Houston Astros Bench Coach Alex Cora agreed on Sunday to become the new manager for the Boston Red Sox. Cora was on the Red Sox 2007 World Series championship roster as a player and now hopes to help the team return to winning postseason games.
Cora through a prepared statement the Red Sox released said that returning the city of Boston and the club has fulfilled a dream for him and his family.
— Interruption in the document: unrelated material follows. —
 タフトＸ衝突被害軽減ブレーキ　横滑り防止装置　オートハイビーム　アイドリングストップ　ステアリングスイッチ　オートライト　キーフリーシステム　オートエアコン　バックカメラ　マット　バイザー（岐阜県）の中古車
He added that he looked forward to working with the players and reaching the goal of winning another World Series championship for the city and its wonderful fans.
The club announced their new manager on Sunday; one day after the Astros reached the World Series by eliminating the Yankees in the ALCS.
Cora, who is just 42, replaces former manager John Farrell, who was manager when Boston won its last title in 2013.
Even though the Red Sox won back to back AL East titles for the first time in franchise history, they also were last twice in the division during Farrell’s reign and won only one game during the postseason since they won the title his first year as manager.
John Henry the owner of the Red Sox said in Cora the team signed a natural leader who will guide the clubhouse.
His acumen in baseball and ability to strategically think are uncommon in someone his age and the team could not have signed a better match for its players, front office and for where the team will go the next few years.
Cora, who is from Puerto Rico, is the first Hispanic to manager the Red Sox. Boston has faced renewed scrutiny over racial issues this season after outfielder Adam Jones from the Orioles reported that he was subjected to racial slurs while playing in Boston.
Cora has been general manager of the Puerto Rican Winter League’s Criollos de Cagues for the last five years, while serving as well as the manager for the club the last two years.
Boston GM Dave Dombrowski indicated that with Cora being bilingual it will be significant for the club and its players who are Hispanic. He praised the success Cora has had relating to both veterans and young players.